Silsile, 12 Eylül sonrasının bölünmüş ailelerinin trajedilerine odaklanan bir roman. Bu dönemle ilgili okurun çok da şaşırmayacağı bir hikayesi var. Zaten Eren Aysan da okuru şaşırtmaya yönelmiyor. Aile sırrı okur için muammaya dönüşmüyor. Daha ilk bölümden Elâ’nın yaşamının değişeceğini anlıyorsunuz, dahası aile sırrının ne olduğunu da tahmin edebiliyorsunuz. Aysan, okuru Elâ’nın duygusal karmaşasının içine sürüklüyor.

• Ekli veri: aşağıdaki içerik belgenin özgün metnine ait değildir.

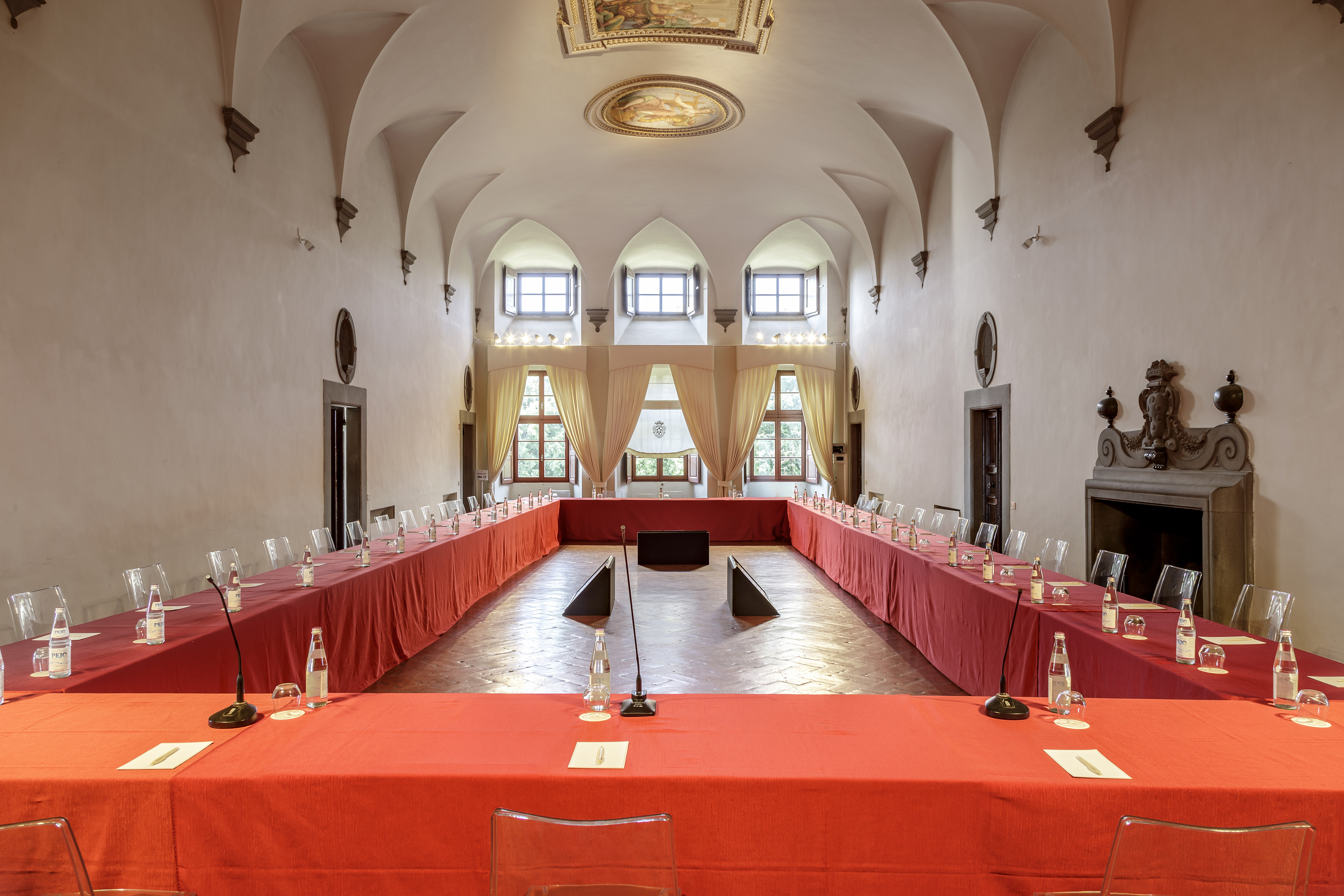 Historic meeting room, U-shaped table, red linens, vaulted ceiling, frescoes.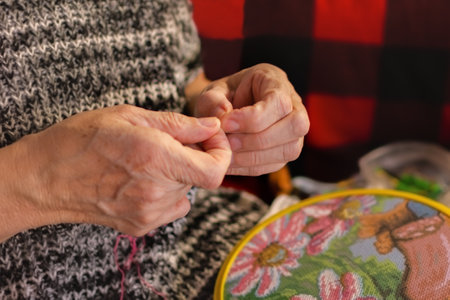 A woman embroiders with a cross. Wrinkled hands close up. An elderly woman holds a hoop and thread with a needle in her hands. Soft focus. The concept of hobby and manual labor. Pleasant home leisure.の写真素材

Roman karakteriyle empati kurmaya, onun yaşadığını anlamaya yönlendiriliyor okur. 

12 Eylül 1980 askeri darbesi Türkiye’de yaşayan her kesimden insanın üzerinde derin travmalar yarattı. Bu travmaların bir kısmı geniş halk kitlelerinin akılcılaştırmasıyla atlatıldı. Kardeşin kardeşi vurmadığı bir güven ortamı yaratılmıştı çünkü! Ama doğrudan baskı ve zulmün muhatabı olanlar ve onların aileleri bu dönemin derin yaralarını taşımaya devam ettiler. Her şeyin hızlıca unutulduğu bir coğrafyada, tüm yaşamlarına etki eden acıları, tamamlanmamışlık hissini, umutsuzluğu, yenilgiyi inatla yenmeye çalışan bir kuşak yarattı 12 Eylül.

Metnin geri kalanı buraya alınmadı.